Da questa suggestione, con richiamo di sconfinamento in qualche modo naturale, nasce il progetto di messinscena dell’autrice-regista. La trama di Mastriani rimesta negli elementi di un “popolare napoletano” trattato con sapiente mestiere: Coletta Esposito – è questo il nome della sventurata eroina – conduce infanzia e adolescenza fra le mura dell’orfanatrofio dell’Annunziata, e lì alleva nell’animo quella straziante fame d’amore il cui soddisfacimento, con passione tirannica affida a Cipriano Barca, l’amante dalla cui relazione nasce una bambina. Cipriano non rivela un’immediata disposizione verso la donna, ma la manipolazione di lei è di tale violenza da non consentire scampo, tanto che lui aderisce alla promessa di sposarla, se pure quell’attrazione che per breve tempo aveva tenuto insieme il rapporto va tanto affievolendosi da aprirgli la strada a nuovi incontri. Il matrimonio con Coletta non si compie; la relazione con la giovane Teresina diviene evento irrinunciabile. Coletta è piagata, furente, accecata dall’odio, spietata; cova la più feroce delle vendette, e nel giorno delle di lui nozze con la nuova innamorata – di più “normale” provenienza sociale – toglie la vita alla piccola figlia, e nella chiesa proprio sull’altare porta il cadaverino della bimba alla vista del padre, uccidendo al tempo stesso la rivale secondo quella promessa di morte più volte evocata. L’atmosfera generale della messinscena, deprivata di ogni tentazione naturalistica, assume piuttosto l’atmosfera di un “noir” .

Si rappresenta con evidenza la figura della donna affetta dal morbo dell’abbandono, la cui implacabile voracità d’amore nessun evento affettivo riesce a compensare nella mancanza, neanche la tanto ricercata corrispondenza sentimentale dell’amante -avvelenata dall’ossessione del possesso-, né la nascita della propria creatura; esclusa dal ruolo di figlia, non possiede il modello su cui innestare e plasmare gli atteggiamenti emotivi e affettivi della maternità. In effetti Coletta non sa amare altri che sé stessa nella proiezione di un’insana morbosa cannibalica idea di passione, auto-generata nell’insediarsi e protrarsi di quel mal di vivere che è frutto della sterilità sentimentale cui fu abbandonata fin dall’infanzia.  Né le è d’aiuto il ruolo espresso dall’oscura benefattrice – Cesarina Molisi, senza dubbio la “madre” che nel tempo innanzi spinse la bimba sulla ruota – alla quale convenzione e opportunità di facciata impediscono fino alla fine di dichiararsi nella vera natura della relazione.
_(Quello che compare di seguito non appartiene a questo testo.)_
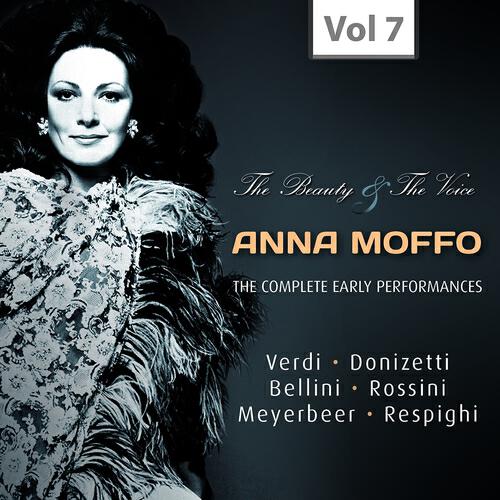 Anna Moffo - Lucia di Lammermoor: 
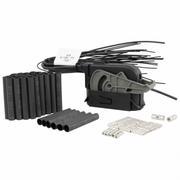 Wire asy Voltage Converter Connector - 38 Cavity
  1. Come in Euripide, la narrazione di Mastriani usa straordinaria acutezza a penetrare nel labirinto delle emozioni e delle angosce della protagonista, e delle forze oscure da quel velenoso groviglio generate e alimentate, ma quel conflitto fra razionale e irrazionale, fra etica e politica che è tra i tratti distintivi della Medea euripidea, e che costituiscono la dorsale del pathos drammatico di quell’evento, non trovano luogo. In Coletta nessun tentennamento interviene nella spinta verso un definitivo rituale di sangue, che è anzi inequivocabilmente cercato e compiuto in tutta lucidità. Nemmeno un tremore, un accenno di pietà, un estremo fremito d’emozione; alla coscienza di Coletta, figlia negata e bambina malamente allevata, mancano le coordinate per una humanitas di classica memoria. L’incipit è datato 1792. Fa da sfondo un piccolo popolo, ritratto in sedicesimi di una società sofferente e sconnessa; qualche cenno alla presenza francese; gli eventi rivoluzionari di fine secolo (Rivoluzione Partenopea)  non sono lontani, se ne coglie qualche accenno, appena qualche accenno lasciato qua e là.